Representing the government was Robert Bork, who a few months earlier had fired Watergate special prosecutor Archibald Cox.
For the argument, for the first and only time at the Supreme Court, Ginsburg had her client sit at the counsel table. “She would never know if the justices knew that the man sitting at her side was Stephen Wiesenfeld. But she did not that judges worry about made-up cases, and she wanted to send a signal that 'this was a genuine as any case' and that 'this sort of sex stereotyping hurt many people, everyday people, people like Stephen Wiesenfeld.'”
Wiesenfeld was not a man grasping after a woman's benefits – it was a child who was not receiving benefits for which his mother had paid.

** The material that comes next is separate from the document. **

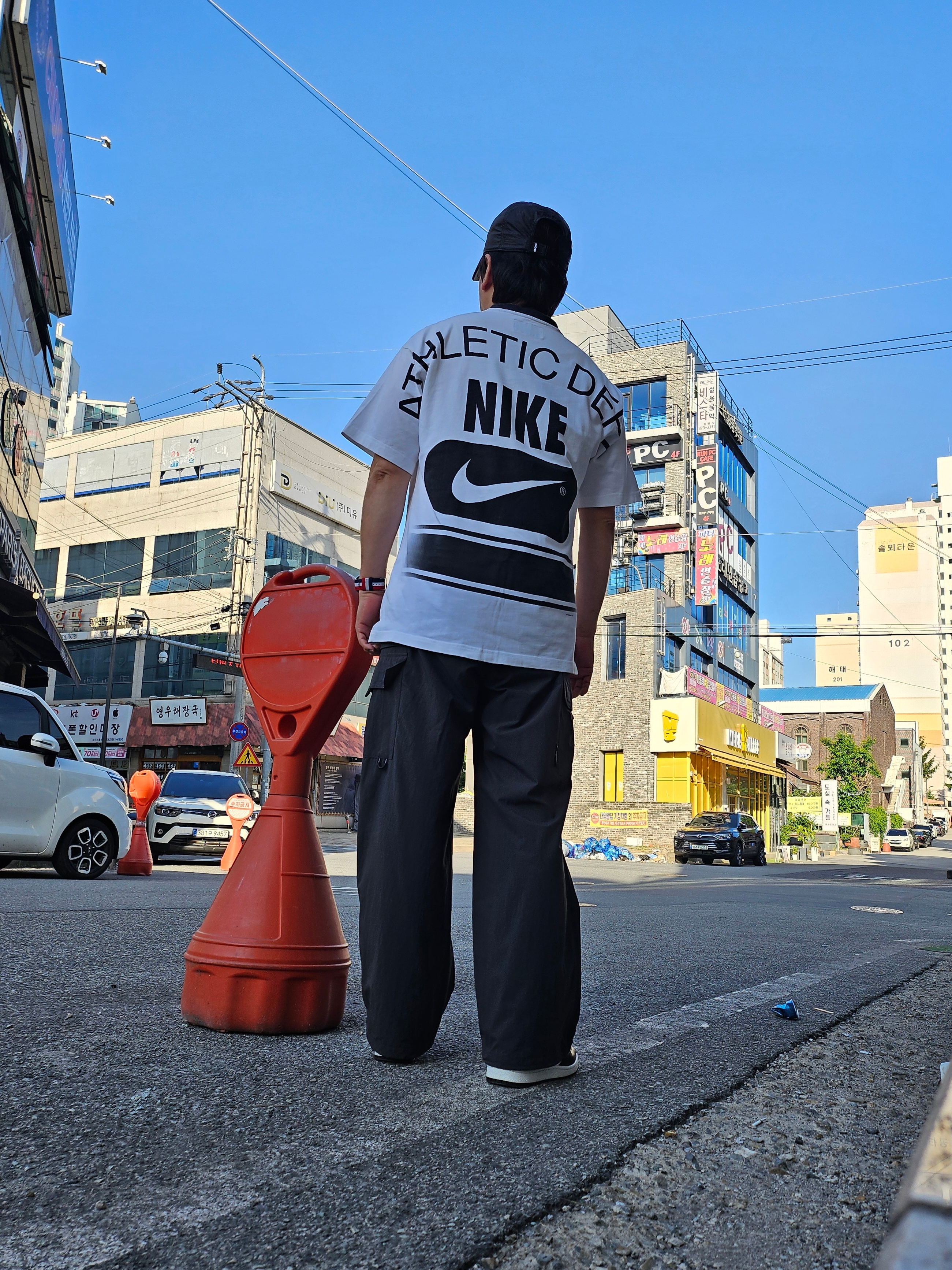 Jordan 1 High 85 Black White, Nike NRG Massive DEPT T-Shirt White - Asia 착용 스타일 - 2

In a unanimous decision, the court ruled for Wiesenfeld and Ginsburg. Justice Brennan had a woman clerk, although he had told the law school at Berkely he wanted a male. Berkely told him he wasn't getting a male. Brennan's clerk, Marsha Berzon, had written the part of the opinion that showed that the purpose of the law was to aid children who had lost a parent. This analysis led the court to unanimity. Ginsburg later said, “Rehnquist was caught by the baby.”
But the court stopped at heightened scrutiny and could not bring itself to apply strict scrutiny. Ginsburg has not yet brought the court to strict scrutiny. In 1996, in a case involving the Virginia Military Institute's exclusion of women, she got the court as far as “skeptical scrutiny.” The ruling was 7-1-- Justice Scalia dissented and Justice Thomas recused.
In United States v. Virginia, Ginsburg wrote: “The justification [for sex discrimination] must be genuine, not hypothesized or invented post hoc in response to litigation. And it must not rely on overboard generalizations about the different talents, capacities, or preferences of males and females. . . . "Inherent differences" between men and women, we have come to appreciate, remain cause for celebration, but not for denigration of the members of either sex or for artificial constraints on an individual's opportunity. Sex classifications may be used to compensate women "for particular economic disabilities (they have) suffered," to "promot(e) equal employment opportunity," and to advance full development of the talent and capacities of our nation's people. But such classifications may not be used, as they once were, to create or perpetuate the legal, social and economic inferiority of women.”